I want to calculate $I=\iint_R y^2dA$ where $R$ is the surface bounded by the curve $r=a(1+\cos\theta)$ for $\theta$ ranging between $0$ and $2\pi$.
Attempt: To calculate this as a double integral in polar coordintes we have:
$$I=\iint_R r^2\sin^2\theta=\int\limits_{0}^{2\pi}d\theta\int\limits_{0}^{a(1+\cos\theta)} r^2\sin^2\theta\cdot r\,dr\\=\int\limits_{0}^{2\pi}\sin^2\theta\,dθ\int\limits_{0}^{a(1+\cos\theta)}r^3\,dr=\int\limits_{0}^{2\pi}\sin^2\theta\frac{a^4(1+\cos\theta)^4}{4}\,d\theta$$
But I am stuck from here on.
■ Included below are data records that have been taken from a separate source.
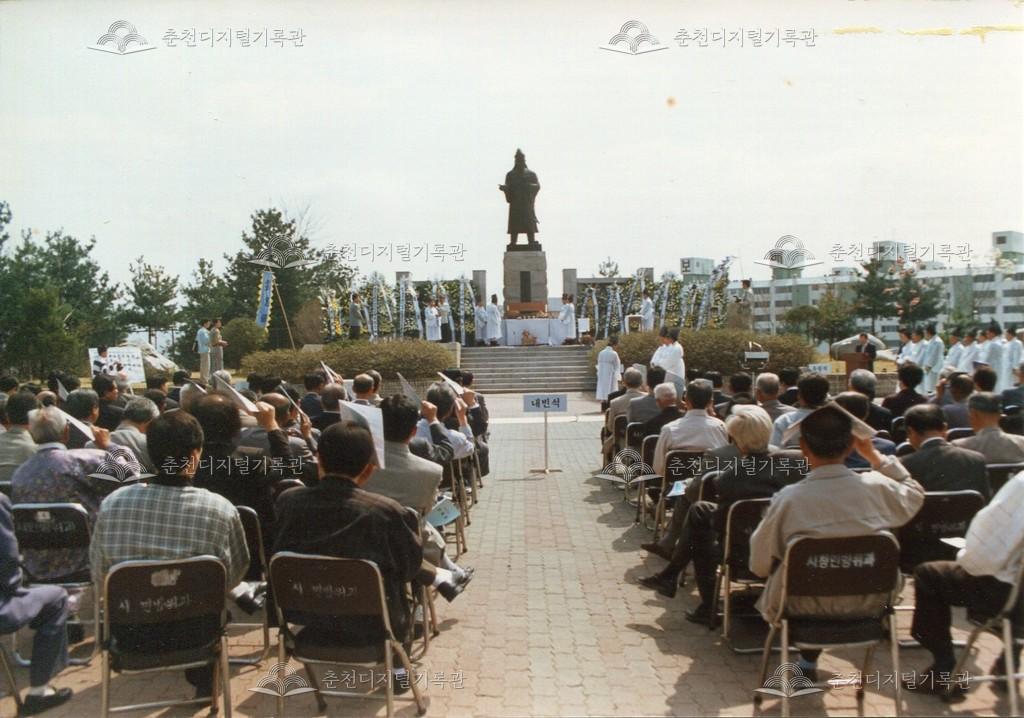 제12회 의암제 사진 이미지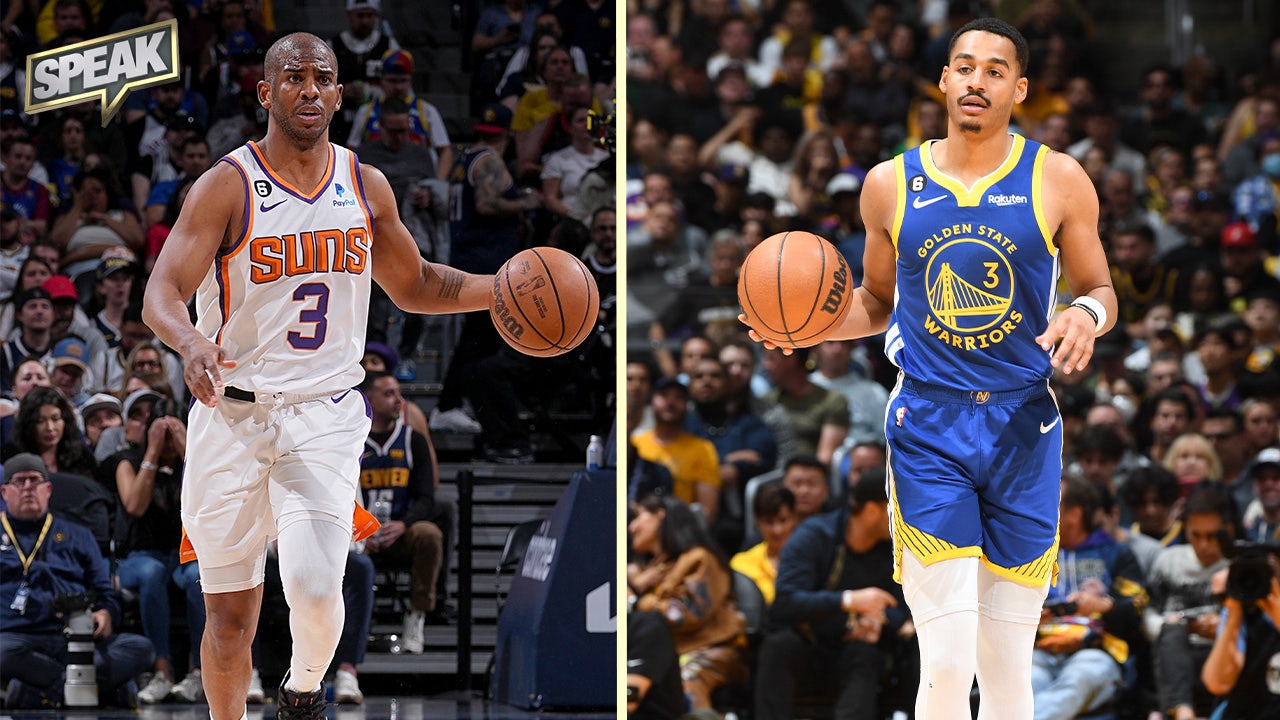 Chris Paul traded to Warriors, Jordan Poole sent to Wizards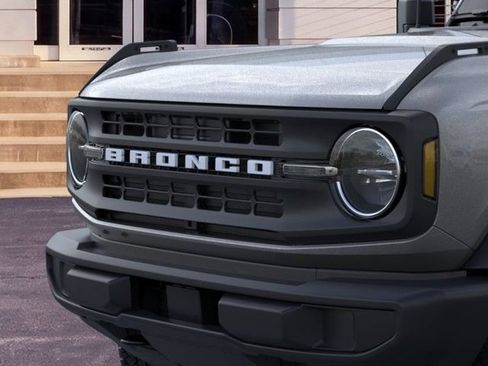 New 2026 Ford Bronco Big Bend AWD/4WD image 19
Is there a better way for solving this from scratch? Or can my attempt be completed? Any help, hint or solution would be highly appreciated!
Well, if I understood you properly then we have something like this $$\int \int_R y^2 ~dA$$
where $R$ is the region bounded by $ r= a(1+\cos\theta)$ and $\theta$ goes from 0 to $2\pi$. $$ \int_{\theta = 0}^{2\pi} \int_{r=0}^{a(1+\cos\theta)} r^3 \sin^2 \theta dr d\theta$$
$$\int_{\theta=0}^{2\pi} \sin^2\theta \frac{a^4(1+\cos\theta)^4}{4} d\theta$$ You can integrate the above expression to get the value of $\frac{21}{32}\pi a^4$.
Now, your question about how to carry out the integral is easy to answer, just take $\frac{a^4}{4}$ out of the integral and then expand the $\sin^2\theta (1+\cos\theta)^4$. After expansion the integrals will become some of very common ones (that is they will involve only some powers of $\sin$ and $\cos$).
Hope it helps!